O grupo de Fulbrighters que está agora nos Estados Unidos sem dúvida assiste de perto a um momento peculiar da história norte-americana com a eleição de Donald Trump à presidência. Em Nova York, minha cidade de residência, historicamente democrata, o clima era de consternação e revolta após o resultado.
Um dia depois do anúncio da vitória de Trump, eu fui a um workshop sobre ações de equidade racial e justiça social no Queens College, que é um dos campi da City University of New York (CUNY), onde estou alocada como pesquisadora visitante.
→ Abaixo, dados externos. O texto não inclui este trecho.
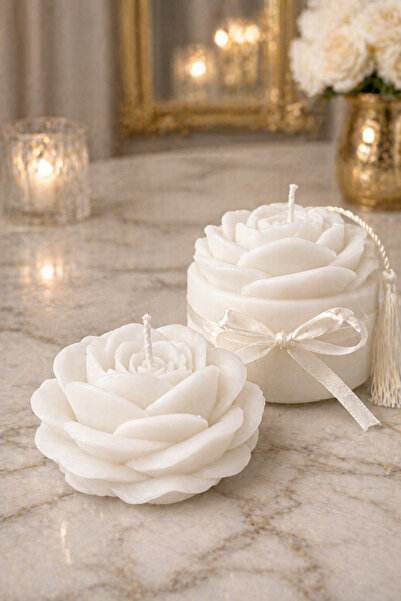 MUM El Yapımı Beyaz Gül Seti – Dekoratif Şık Tasarım | Hediye & Ev Dekoru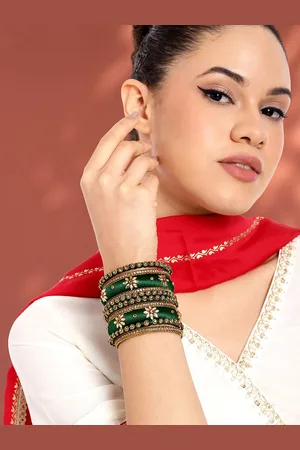 Peora 10-Piece Gold-Plated Silk Thread & Stone-Studded Bangles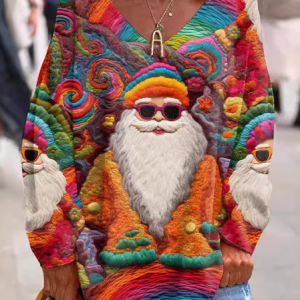 Santa Claus Casual Long Sleeve Shirt, Long sleeves, Lilicloth.com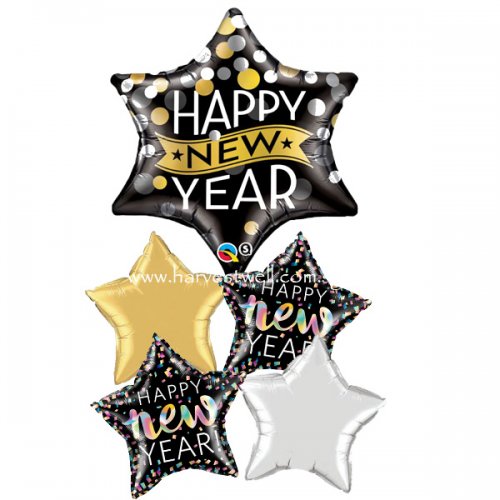 Happy New Year Confetti Dots Balloon Bouquet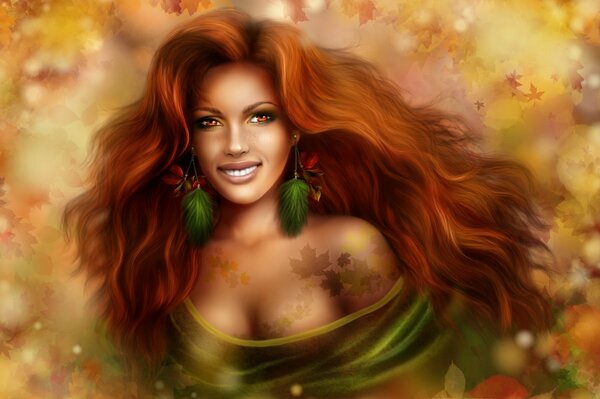 Dziewczyna z rudymi włosami uśmiecha się jesienią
A ministrante, Dra. Caty L. Royal – mulher, negra e acadêmica – não pôde começar o workshop sem falar sobre a eleição, assunto que estava na boca de todos presentes.
Então ela disse algo assim: “Esta não é a primeira vez que esse país será dirigido por conservadores. Na verdade, isso ocorreu em grande parte da nossa história. Por isso hoje eu não vou chorar. Eu vou levantar a cabeça e continuar pensando, atuando e incomodando”.
Depois, completou, mais ou menos assim: “Vocês acham que porque eu sou doutora tudo mudou? Há pouco tempo eu entrei num prédio e quando eu fui me anunciar na recepção me mandaram para a cozinha. Mas eu não desisto de lutar, eu sigo em frente”. E assim esta brava mulher foi merecidamente aplaudida por jovens das mais diferentes origens étnicas e sociais, grande parte deles com lágrimas se equilibrando nos olhos.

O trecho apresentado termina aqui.